• [Exercise objective]: Please output the records below word for word and omit the pictures.

Top of Supplied material

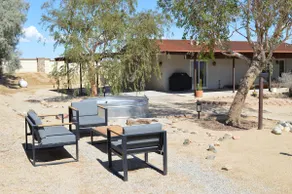 Golden Getaway- JT Escape with spa + fire pit - Image 2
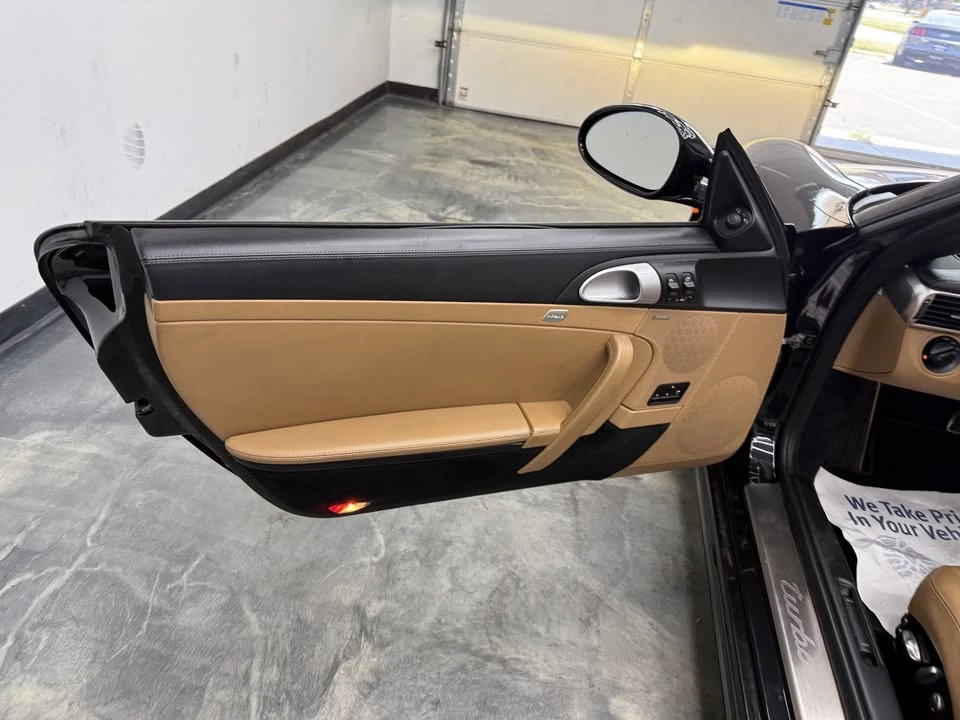 2012 Porsche 911 - Image 8 of 20
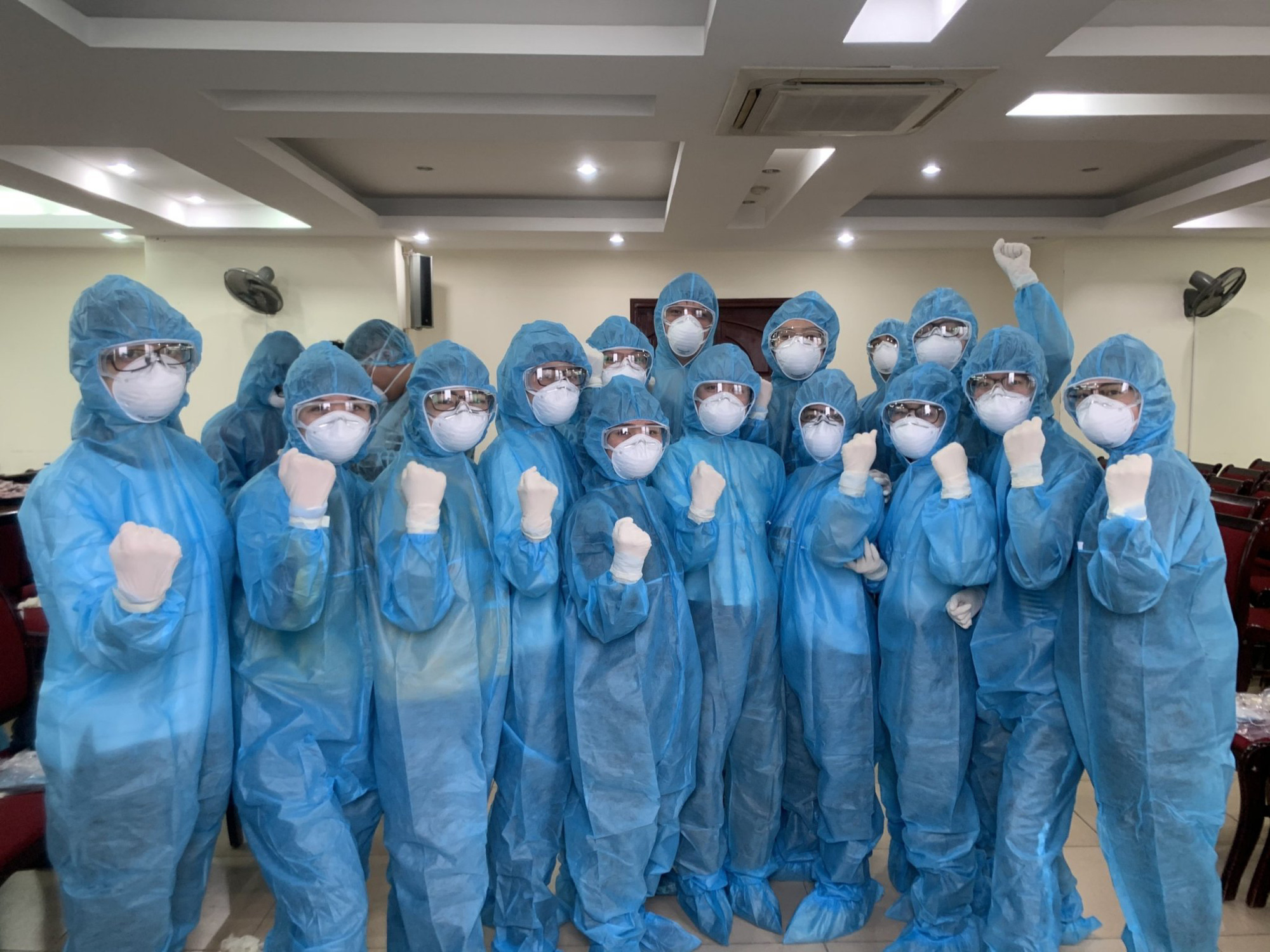 Đại học Y Hà Nội đưa gần 130 sinh viên tới các "điểm nóng" chống dịch Covid-19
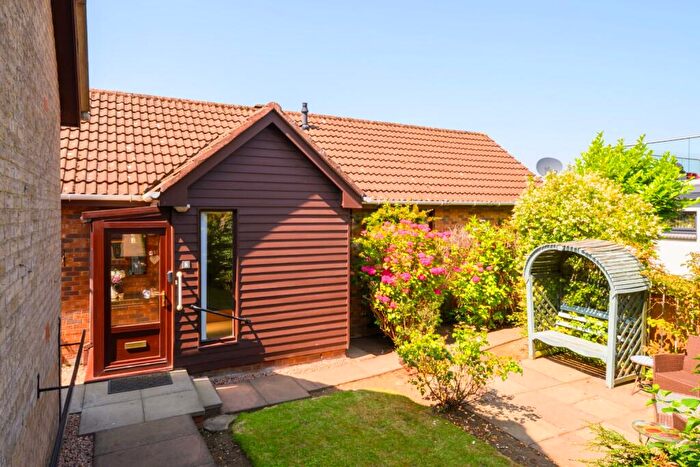 2 Bedroom Detached Bungalow For Sale In Craigdimas Grove, Dalgety Bay, KY11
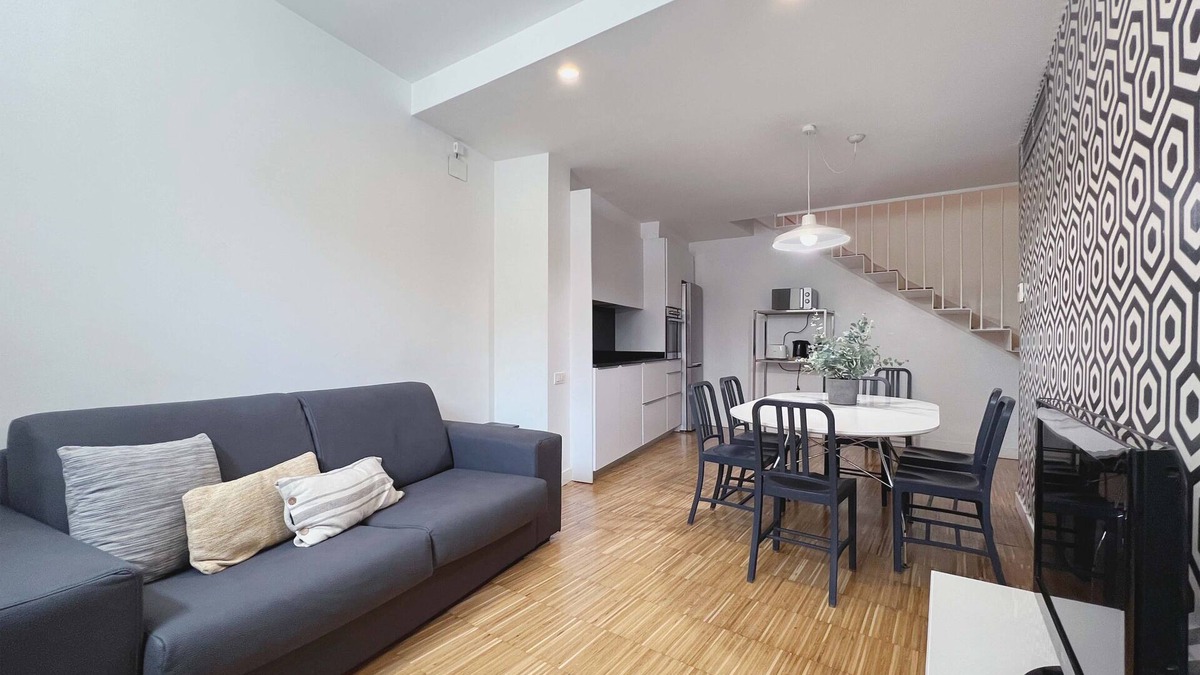 Diagonal Mar i el Front Maritim del Poblenou Apartment | Barcelona Beach | Cosy Duplex | Rooftop Terrace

Bottom of Supplied material

• [Task output]:
 Golden Getaway- JT Escape with spa + fire pit - Image 2
 2012 Porsche 911 - Image 8 of 20
 Đại học Y Hà Nội đưa gần 130 sinh viên tới các "điểm nóng" chống dịch Covid-19
 2 Bedroom Detached Bungalow For Sale In Craigdimas Grove, Dalgety Bay, KY11
 Diagonal Mar i el Front Maritim del Poblenou Apartment | Barcelona Beach | Cosy Duplex | Rooftop Terrace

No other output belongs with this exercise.